▸ **Extracted data entries**
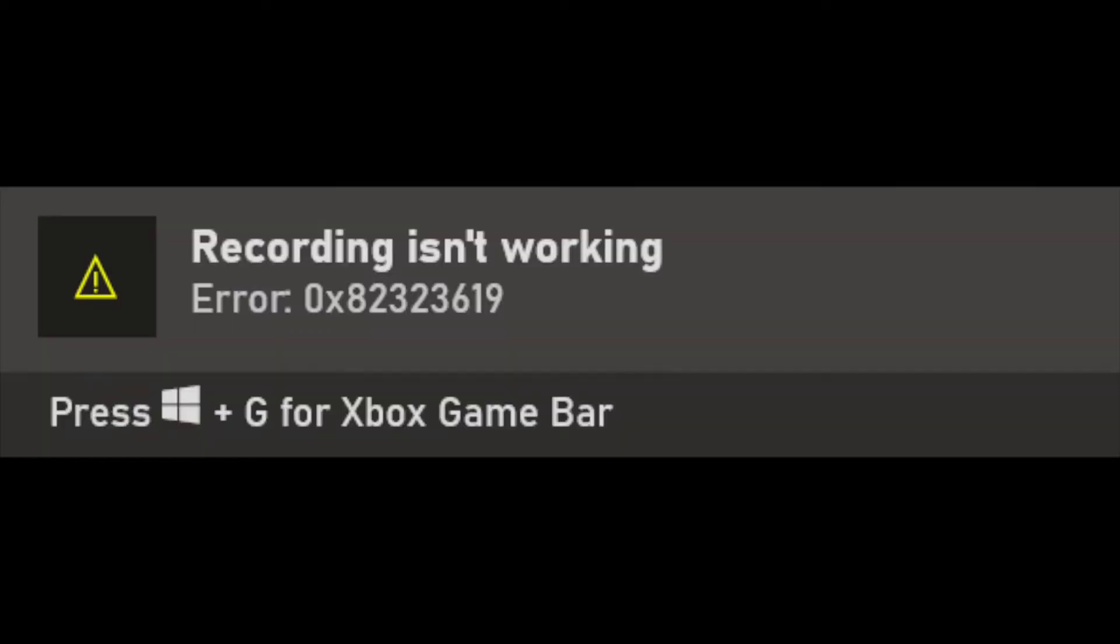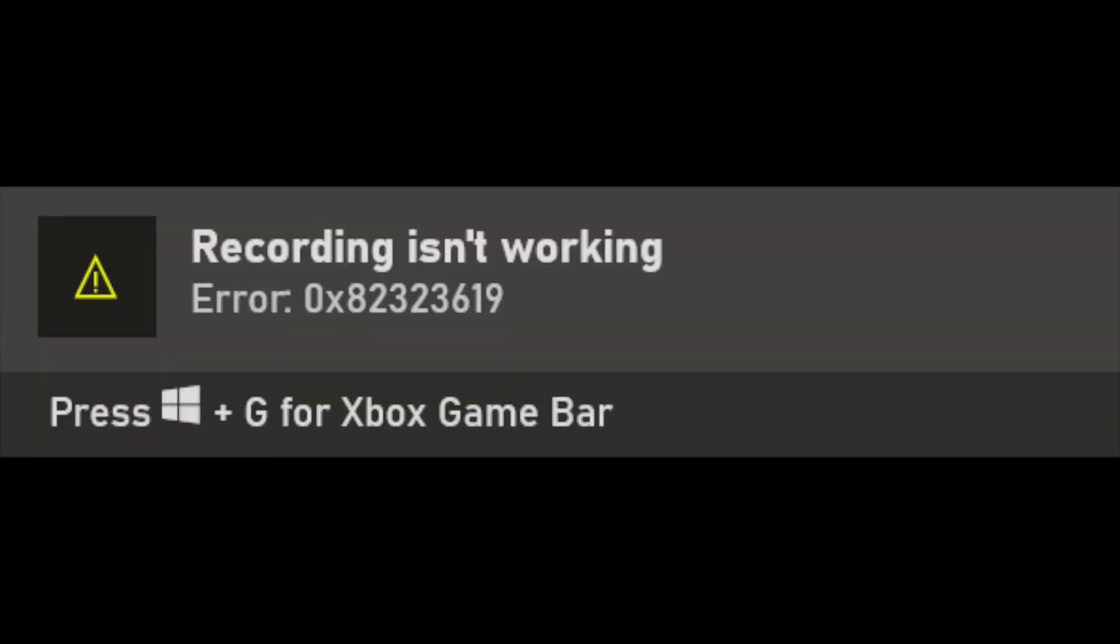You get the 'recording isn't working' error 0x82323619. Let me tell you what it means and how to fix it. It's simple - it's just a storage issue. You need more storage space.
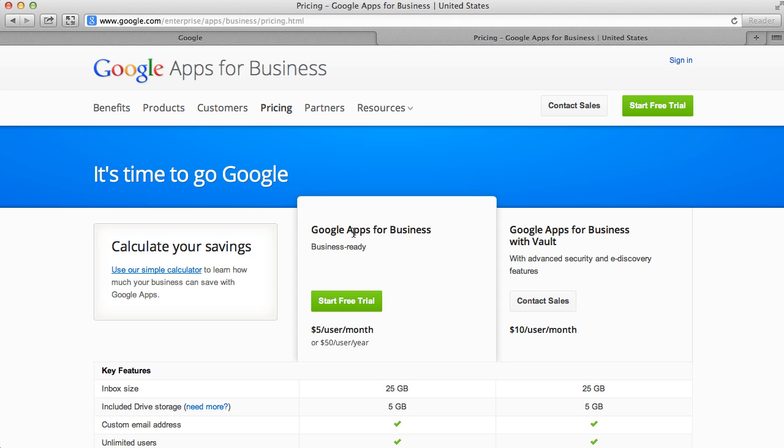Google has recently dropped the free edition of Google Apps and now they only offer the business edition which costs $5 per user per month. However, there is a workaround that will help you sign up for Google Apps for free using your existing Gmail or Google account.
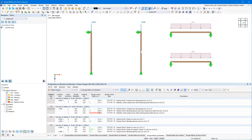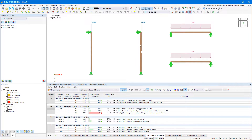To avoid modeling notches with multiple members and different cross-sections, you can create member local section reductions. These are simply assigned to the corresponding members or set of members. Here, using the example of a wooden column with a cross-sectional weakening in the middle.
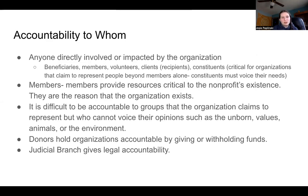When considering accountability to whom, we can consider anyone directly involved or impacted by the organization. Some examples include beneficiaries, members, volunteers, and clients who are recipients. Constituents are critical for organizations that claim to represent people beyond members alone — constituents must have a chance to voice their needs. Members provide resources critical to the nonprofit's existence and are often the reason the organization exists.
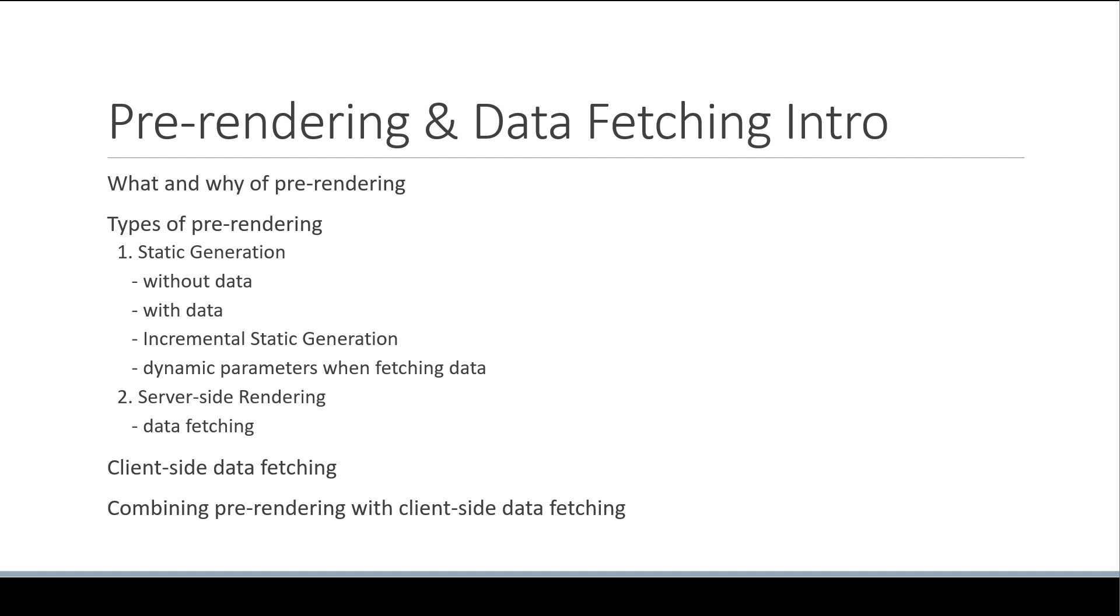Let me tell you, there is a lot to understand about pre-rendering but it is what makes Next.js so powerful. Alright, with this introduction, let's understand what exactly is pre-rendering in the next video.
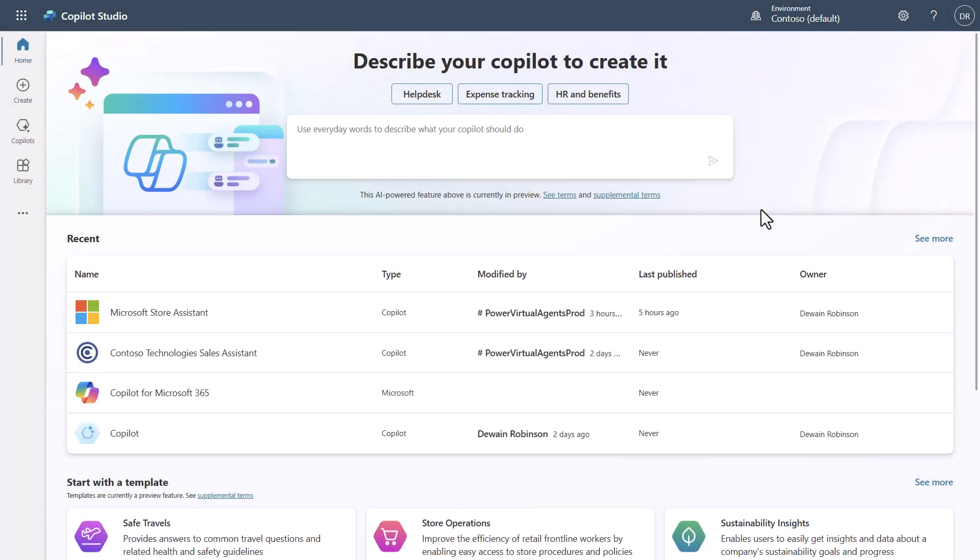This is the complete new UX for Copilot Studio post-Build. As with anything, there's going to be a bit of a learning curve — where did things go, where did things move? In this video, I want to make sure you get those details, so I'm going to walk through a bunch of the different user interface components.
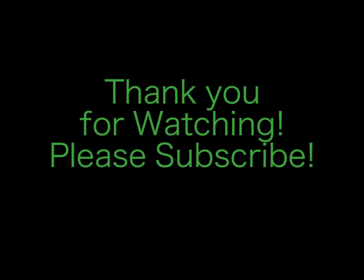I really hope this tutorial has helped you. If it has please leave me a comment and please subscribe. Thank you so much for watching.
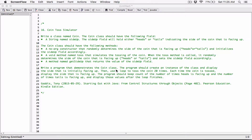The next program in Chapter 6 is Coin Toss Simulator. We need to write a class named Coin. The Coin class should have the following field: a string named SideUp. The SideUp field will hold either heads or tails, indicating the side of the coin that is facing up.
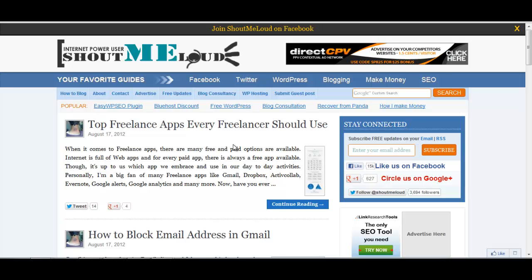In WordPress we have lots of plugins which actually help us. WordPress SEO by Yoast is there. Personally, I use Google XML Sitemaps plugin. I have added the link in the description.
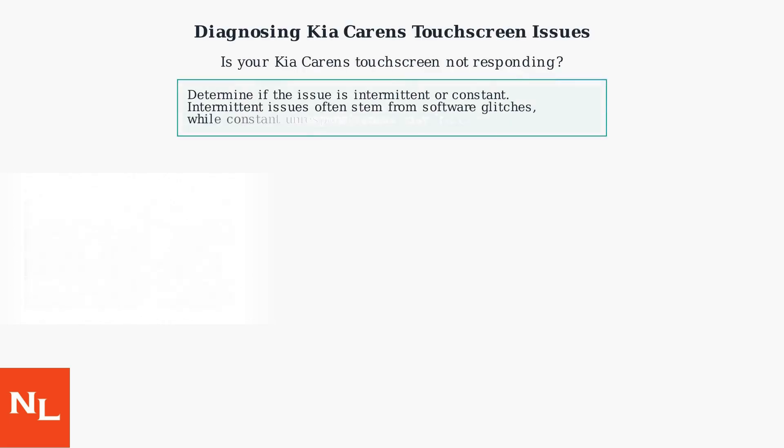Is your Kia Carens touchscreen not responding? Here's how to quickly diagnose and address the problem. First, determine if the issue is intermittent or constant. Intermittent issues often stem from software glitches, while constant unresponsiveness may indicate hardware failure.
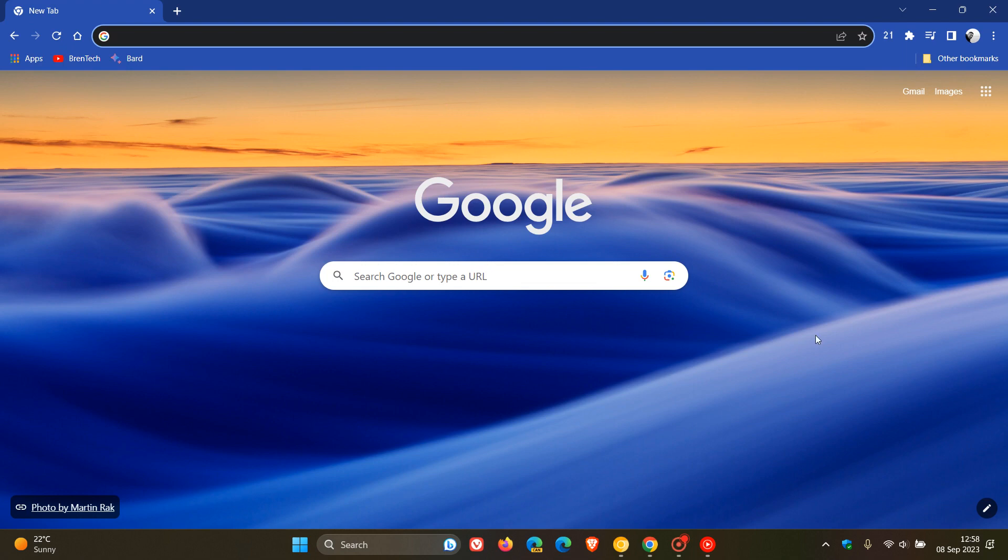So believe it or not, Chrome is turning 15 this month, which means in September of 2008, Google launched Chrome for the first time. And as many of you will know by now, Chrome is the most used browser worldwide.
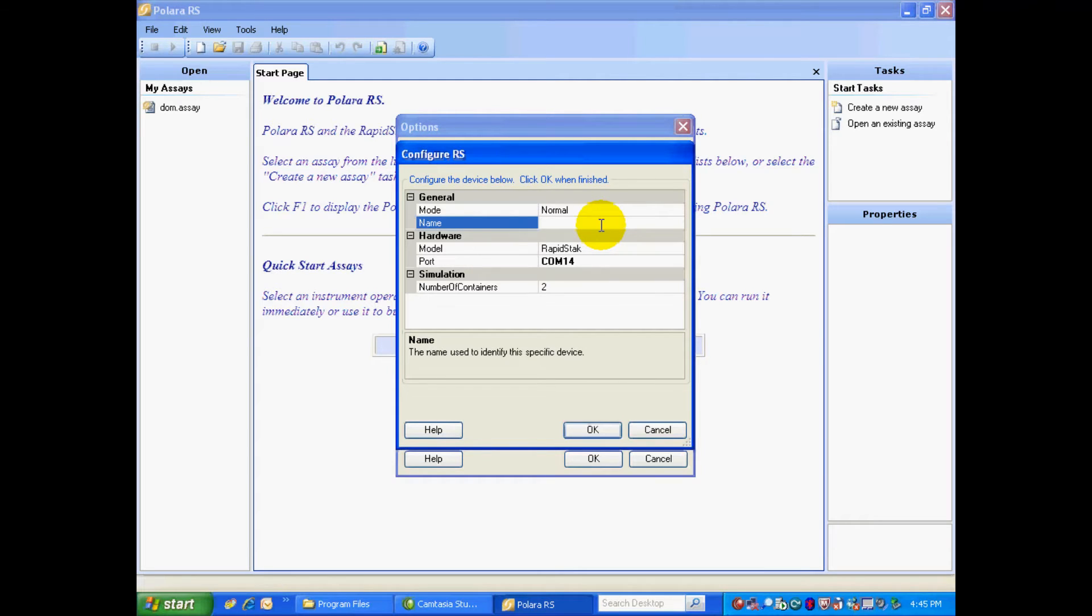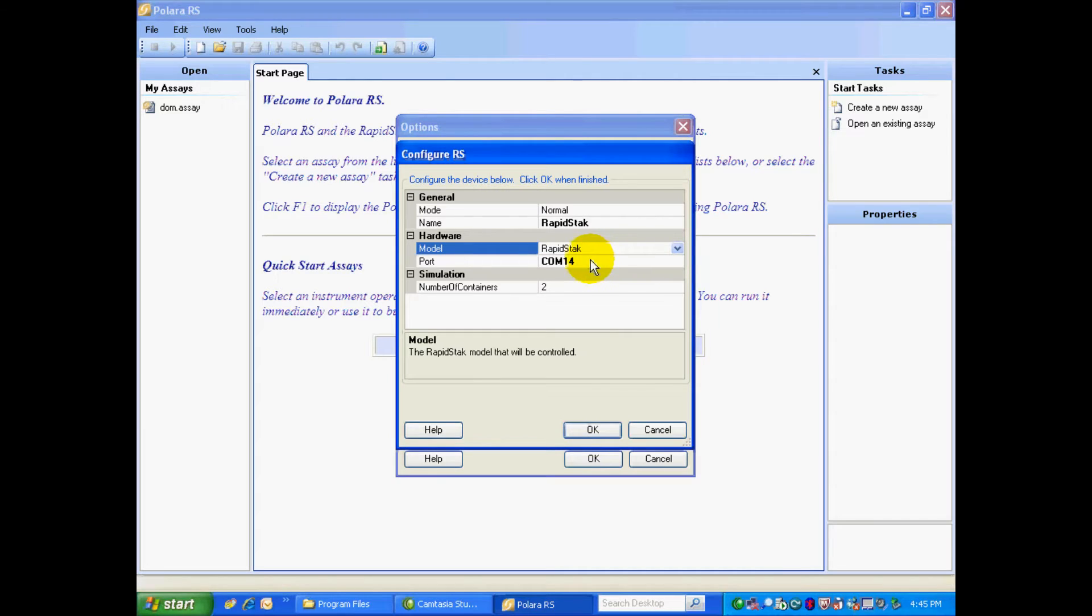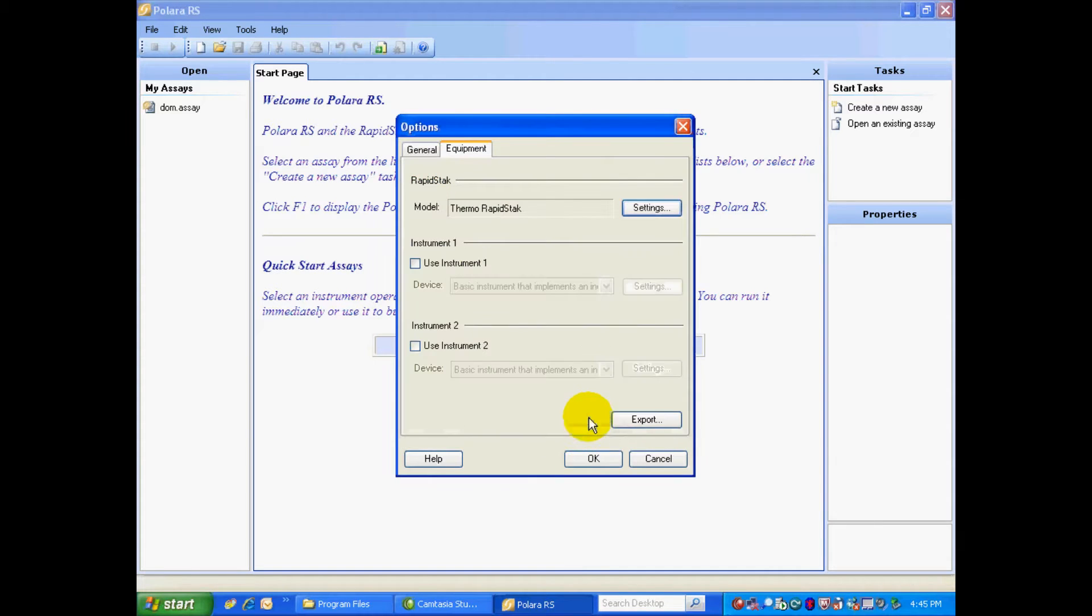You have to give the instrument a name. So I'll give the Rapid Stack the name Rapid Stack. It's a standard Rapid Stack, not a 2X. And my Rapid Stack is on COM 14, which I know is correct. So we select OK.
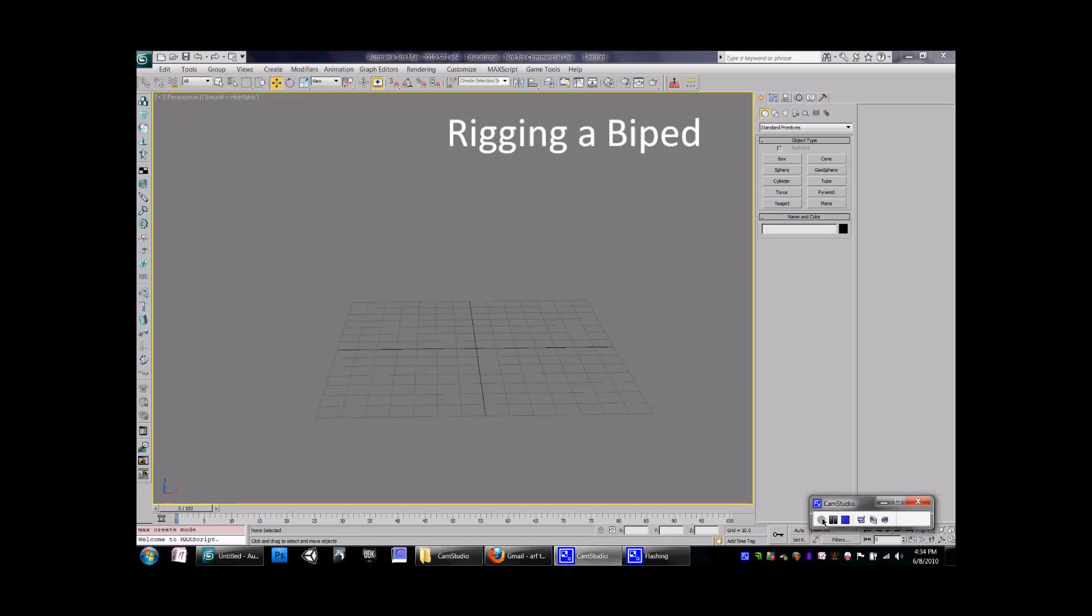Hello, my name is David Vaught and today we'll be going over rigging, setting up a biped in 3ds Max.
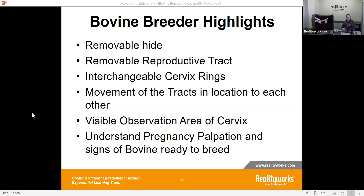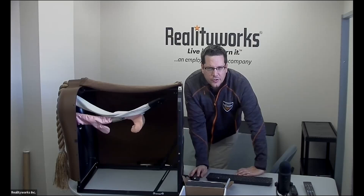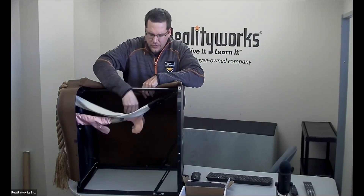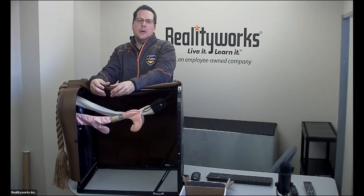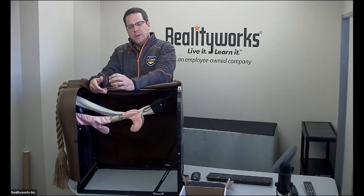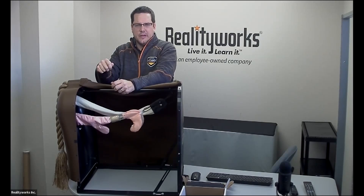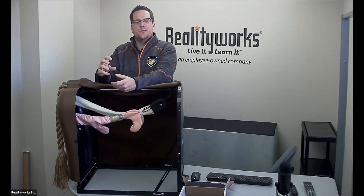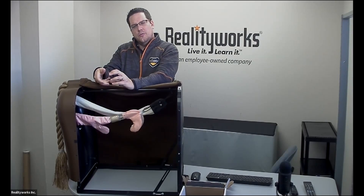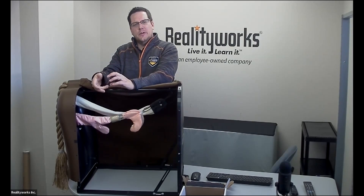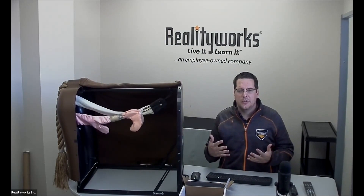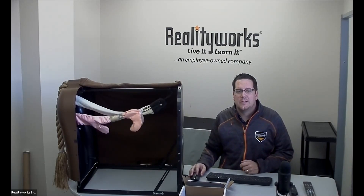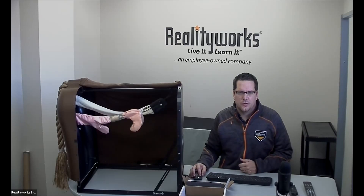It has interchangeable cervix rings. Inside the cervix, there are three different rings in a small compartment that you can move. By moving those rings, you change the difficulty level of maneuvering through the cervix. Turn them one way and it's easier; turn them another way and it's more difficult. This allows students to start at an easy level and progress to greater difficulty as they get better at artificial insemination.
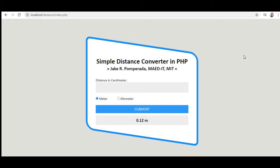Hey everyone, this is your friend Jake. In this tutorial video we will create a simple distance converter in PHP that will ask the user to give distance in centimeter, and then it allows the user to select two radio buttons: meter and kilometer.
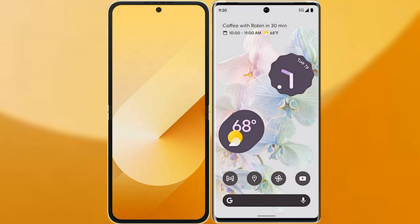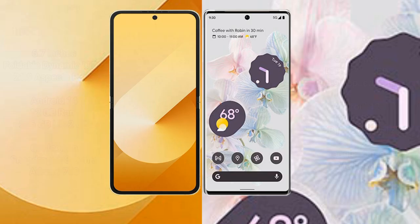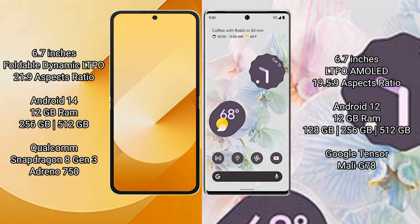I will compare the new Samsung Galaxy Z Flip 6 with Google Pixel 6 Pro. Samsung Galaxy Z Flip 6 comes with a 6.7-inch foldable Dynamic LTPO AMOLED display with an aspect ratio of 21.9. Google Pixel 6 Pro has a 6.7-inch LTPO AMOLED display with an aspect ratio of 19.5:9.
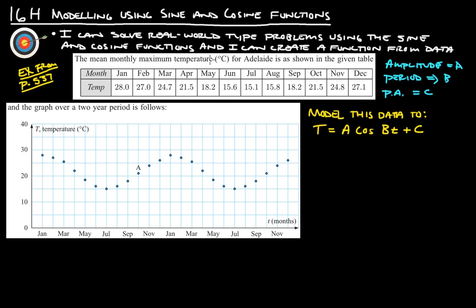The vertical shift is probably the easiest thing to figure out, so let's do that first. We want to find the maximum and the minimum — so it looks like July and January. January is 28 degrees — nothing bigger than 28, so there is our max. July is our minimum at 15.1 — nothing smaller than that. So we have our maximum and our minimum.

▸ **Task brief**
Starting with the line that has "Hey everyone, this" and going on through the line that has "I will compare", transcribe the records above exactly, but skip the pictures.

▸ **Task response**
Hey everyone, this is your friend Jake. In this tutorial video we will create a simple distance converter in PHP that will ask the user to give distance in centimeter, and then it allows the user to select two radio buttons: meter and kilometer.
I will compare the new Samsung Galaxy Z Flip 6 with Google Pixel 6 Pro. Samsung Galaxy Z Flip 6 comes with a 6.7-inch foldable Dynamic LTPO AMOLED display with an aspect ratio of 21.9. Google Pixel 6 Pro has a 6.7-inch LTPO AMOLED display with an aspect ratio of 19.5:9.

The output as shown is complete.